Thesis (Ph. D.)--University of Rochester. The Institute of Optics, 2020.
This thesis presents advances in the application of phase retrieval techniques to
optical metrology of spherical and freeform surfaces.
We explore metrology configurations using transverse translation-diverse
phase retrieval (TTDPR), in which translating subaperture illumination is
projected on the test surface. The wavefront aberration, and from it surface error,
can be reconstructed from measured reflected intensities. TTDPR is advantageous
for freeform surface metrology due to its relatively simple hardware requirements
and demonstrated accuracy in other fields.
Through simulations we probe TTDPR performance as a function of various
parameters including illumination beam softness, detector signal-to-noise ratio
and position uncertainty of the illumination.
We report on the laboratory measurement of a concave spherical test surface
using TTDPR, which agrees with an interferometric measurement to 0:006λ
root-mean-square (RMS) with certain terms removed.
We report on measurements of a concave freeform using TTDPR. Freeform
surface reconstructions from two disjoint datasets agree to 13 nm RMS, or 0:02λ RMS at λ = 632:8nm.

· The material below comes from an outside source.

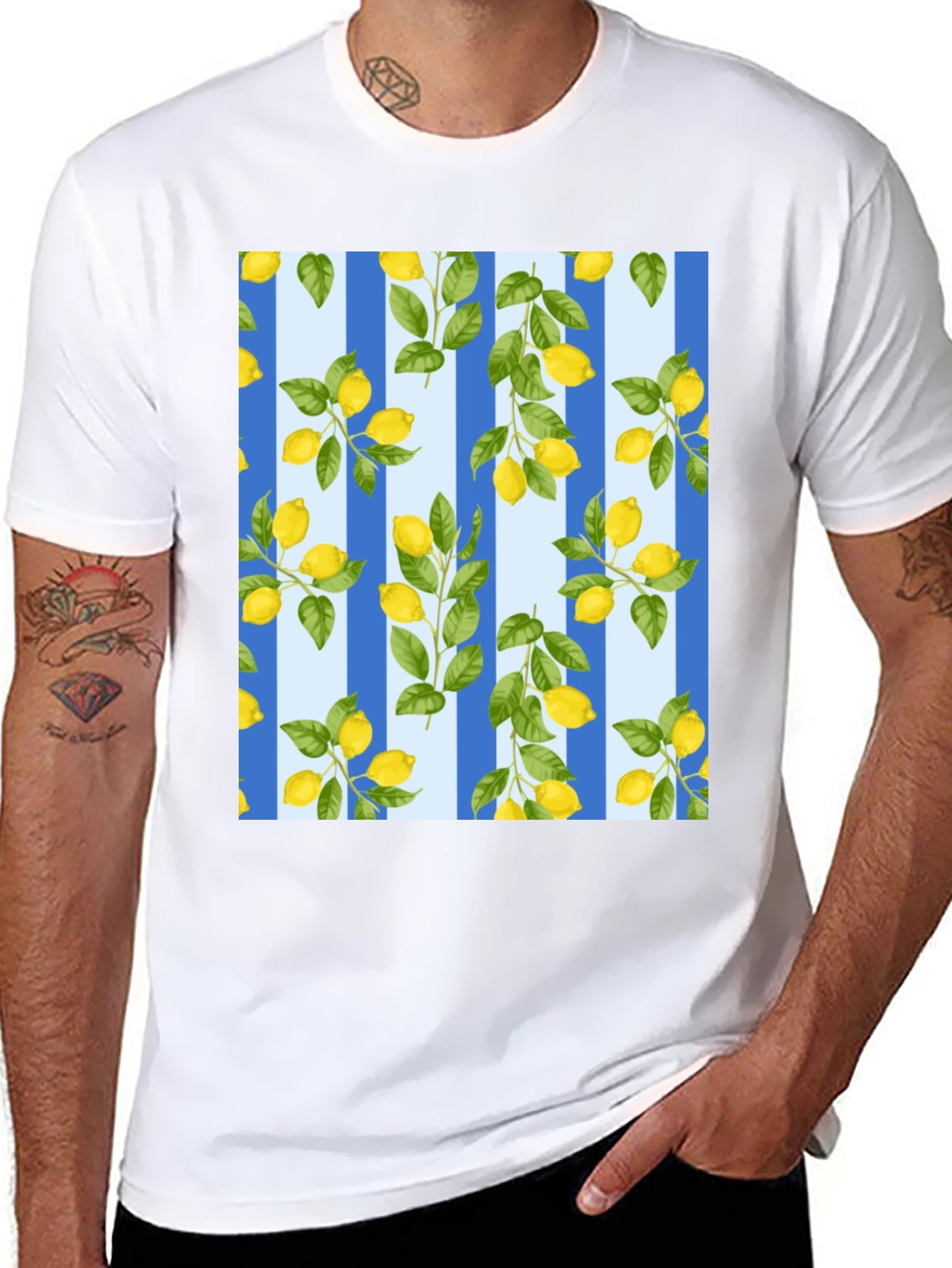 Striped Lemon Print T-Shirt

Next we explore configurations suitable for metrology of convex surfaces. We
explore a configuration using converging source illumination and a moving test
surface. We discuss a suitable algorithm, prescription retrieval, with which we
directly reconstruct surface prescription terms from measured intensities using
combined ray-tracing and diffraction modeling. A prescription retrieval algorithm
is demonstrated through simulation and ultimately a convex surface measurement
using the technique is demonstrated.